In the print head, as shown in FIG. 32(a), discrete electrodes B, B, . . . , B of piezoelectric vibrators A, A, . . . , A are connected to an external device by a flexible cable C.
To improve the print quality and the printing speed, some type of the print head has an increased number of nozzle holes. In this type of the print head, the discrete electrodes are extremely narrow in width, and the number of them is large. Connection work of these discrete electrodes to a flexible cable C is very difficult. Further, the conductive patterns of the flexible cable C as signal paths connecting an external device to the print head are also considerably narrow. The narrow conductive patterns have high electrical resistance. To feed signals of satisfactorily high level from the external device to the print head through the conductive patterns, a drive circuit of high drive voltage and high power is required.
To solve the problem, there is a proposal as shown in FIG. 32(b). In the proposal, a semiconductor chip D with a drive signal generating function is fastened to the surface of an actuator unit E of the print head and sealed by resin F. The semiconductor chip D must be mounted at a place on the actuator unit E where no piezoelectric vibrators are present. This increases the size of the print head, and requires additional work to connect the signal output terminals of the semiconductor chip D to the discrete electrodes B, B, . . . , B by wires G and G'.

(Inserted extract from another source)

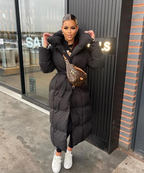 Jeune femme portant un manteau long noir, sac banane de luxe, posant devant une vitrine. Style hivernal chic, mode urbaine tendance.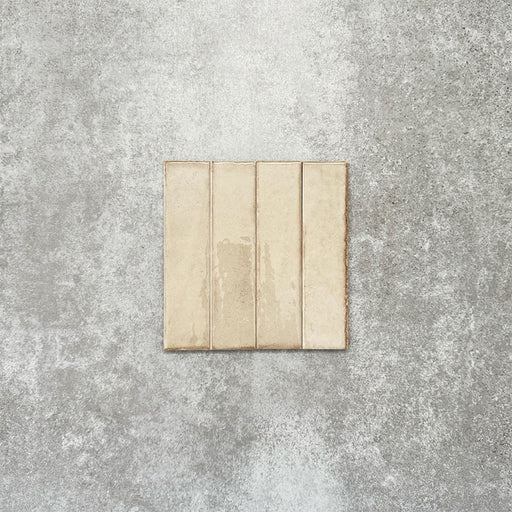 Product image of Puzzle Cream Brick Rectified 5x20cm wall and floor tiles, featuring a glossy cream finish with subtle shade variation and softly aged edges, displayed to highlight the tile's handcrafted character.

The flexible cable that connects electric signals from the external device to the print head is mounted on the actuator unit in such a way that the cable extends over the arrays of piezoelectric vibrators on the rear side of the actuator unit, and are secured at both the ends in width direction to the terminals connecting to the discrete electrodes on both sides of the actuator unit. Such a mounting of the flexible cable creates some problems. For example, in the case of the loosely mounted flexible cable, if an external force acts on the flexible cable, the flexible cable will come in contact with the piezoelectric vibrators. In this state, the cable suppressively acts on the vibration of the piezoelectric vibrators.